3.4. Hysteresis Loop of Multi-Layered Bipolar Ionic Diode

From the Section 3.3 results, we found that multi-layered bipolar ionic diodes operate reliably over a wide range of salt concentrations. High performance of ion rectification means that there is a distinction between ion accumulation and depletion phenomenon depending on the bias direction. When ions are accumulated, the conductivity of the multi-layered bipolar ionic diode increases, and when ions are depleted, the conductivity decreases. As shown in Figure 6B–D, when an AC potential ranging from −5 V to +5 V is applied, the multi-layered bipolar ionic diode has high current values at positive voltages and low current values at negative voltages. It has been reported that a hysteretic loop is drawn in the current–voltage diagram when a periodic voltage is applied to a conical nanochannel (as memristor) [11,39]. We conducted experiments under 10, 1, and 0.1 Hz conditions and found hysteresis loops that crossed zero at frequencies of 1 and 0.1 Hz, and it had the optimal hysteresis loop at 0.1 Hz at KCl 10 mM, as shown in Figure 6A. The width of the hysteresis is an important indicator of the memory capacity and stability of the memristor device, and the larger the width of the hysteresis, the more information storage or signal processing functions can be realized. The broad hysteresis with these characteristics was at KCl 10 mM and 0.1 Hz.
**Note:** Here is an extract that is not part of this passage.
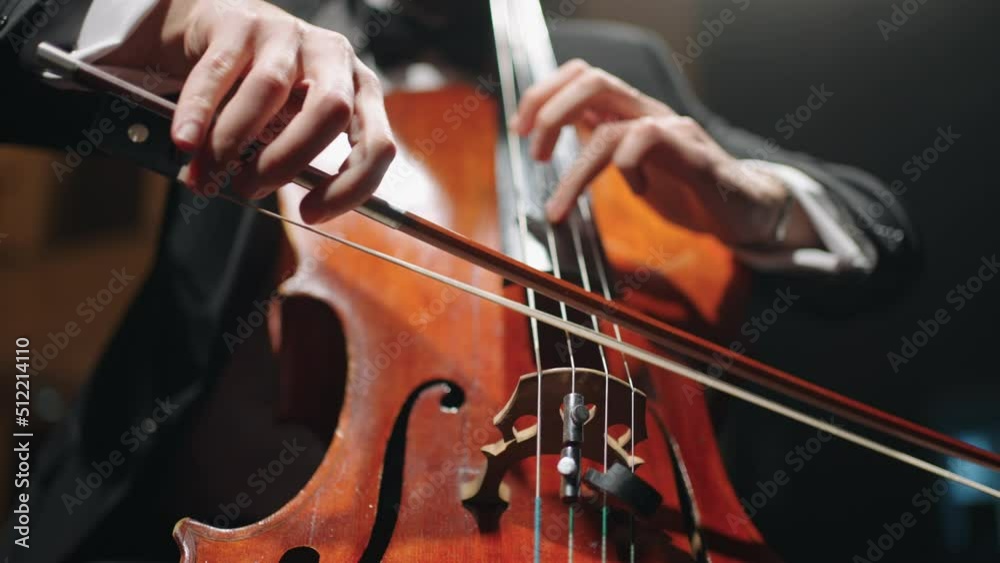 cellist is playing cello on scene of music hall, closeup view, rehearsal or concert of symphonic orchestra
In addition, the zero-crossing wide hysteresis loop in ionic memristors has been studied at the salt concentration of 10 mM, normally [12,40]. Figure 6B–D shows the hysteresis loop at KCl 1 mM, 10 mM, and 100 mM, respectively, and the best form of hysteresis loop was observed at 10 mM. The multi-layered bipolar ionic diode has decent hysteresis loops at lower (KCl 1 mM) and higher concentrations (KCl 100 mM) also. This shows the feasibility of bipolar diodes as memristors, especially in multi-layered bipolar ionic diodes, which operate over a wide range of concentrations.

4. Conclusions

We propose a multi-layered bipolar ionic diode made of AS- and CS-NCNM produced by nanoparticle self-assembly in this study. The geometry modification of NCNM and surface charge management is very simple and freely adjustable due to the relatively simple soft-lithography and functionalization, proper size, and material selection of nanoparticles. ICR features were explored with respect to changes in NCNM shape and ion concentration, and we discovered that the highest ICR in a multi-layered ionic diode was secured when each AS- and CS-NCNM volume was the same as each volume in a single-layered device (our previous result). The multi-layered diode exhibited stable ICR performance over a wide range of salt concentrations. Additionally, the outcomes of the numerical simulations showed that the multi-layered bipolar ionic diode performs ion rectification better than the single-layered device in terms of overall salt concentration. Furthermore, by applying an alternating current potential to a multi-layered bipolar ionic diode, an ordinary hysteresis loop for the memristor was created, and decent hysteresis loops were found over a wide range of salt concentrations. This demonstrates the promising potential of the suggested ionic diodes as memristors, electroosmotic pumps, biosensing, and energy harvesting devices that work at low and high concentrations consistently. In terms of geometry change, other shape changes can be explored in the near future to improve the performance of ionic diodes such as tapered with various angles, hyperbolic shape, etc.